Monday, February 9, 2015

February is DSP month!

DSP month continues...

Last month I unilaterally declared that January is DSP month, and posted a series of excerpts from the book I am working on, Think DSP.  Here is the series so far:

Chapter 1: Signals and Spectrums
Chapter 2: Harmonics
Chapter 3: Chirps
Chapter 4: Noise

Chapter 5: Autocorrelation

I didn't get through all of the chapters in January, so today I am happy to announce that February is also DSP month, according to me.

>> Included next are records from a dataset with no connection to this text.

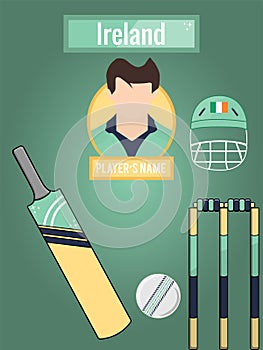 Country Ireland Cricket Icons Set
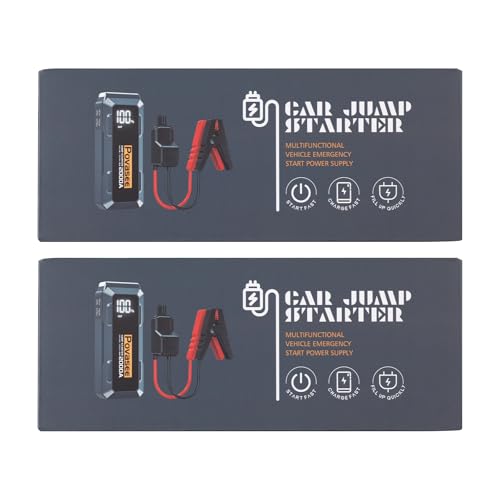 Povasee Jump Starter Power Pack, 5000A Car Battery Booster Jump Starter (up to All Gas or 10L Diesel) with 3" LCD Display, Car Starter with 2 USB Ports, Jump Leads and LED, Jump Pack for 12V Vehicles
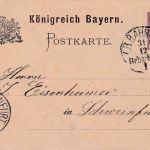 Bayern - Nürnberg I Hof Bahnpost-K1 5 Pfg. Ganzsache Hirschaid Schweinfurt 1887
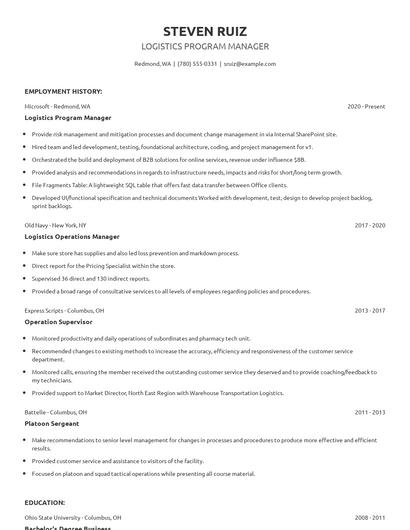 Logistics Program Manager Resume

To celebrate, I am posting excepts from my favorite chapter: Chapter 6, the Discrete Cosine Transform.  I present the discrete cosine transform (DCT) before the discrete Fourier transform for two reasons:

1) The DCT has many practical applications; notably, it is used by MP3 and related formats for compressing music, JPEG and similar formats for images, and the MPEG family of formats for video.

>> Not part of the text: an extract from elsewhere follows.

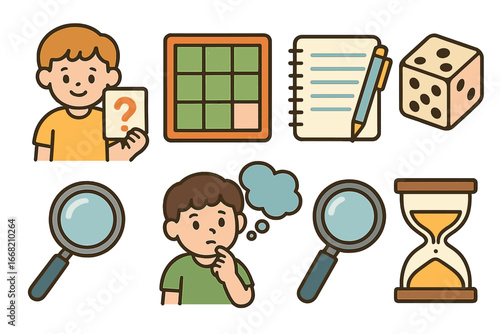 Kids' Riddle Challenge. Flat vector mini-illustrations kids solving riddles in colors children's illustrations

2) I found a way to present both DCT and DFT that (I think) demystifies the idea of a transform; and starting with the DCT has the advantage that everything is real-valued (no complex numbers).

My explanation follows these steps:

  1. I start with the synthesis problem: given a set of frequency components and their amplitudes, how can we construct a waveform?
  2. Next I rewrite the synthesis problem using NumPy arrays. This move is good for performance, and also provides insight for the next step.
  3. We look at the analysis problem: given a signal and a set of frequencies, how can we find the amplitude of each frequency component? I start with a solution that is conceptually simple but slow.
  4. Finally, I use some principles from linear algebra to find a more efficient algorithm.

Synthesis #1

Suppose I give you a list of amplitudes and a list of frequencies, and ask you to construct a signal that is the sum of these frequency components. Using objects in the thinkdsp module, there is a simple way to perform this operation, which is called synthesis:
def synthesize1(amps, freqs, ts):
    components = [thinkdsp.CosSignal(freq, amp)
                  for amp, freq in zip(amps, freqs)]
    signal = thinkdsp.SumSignal(*components)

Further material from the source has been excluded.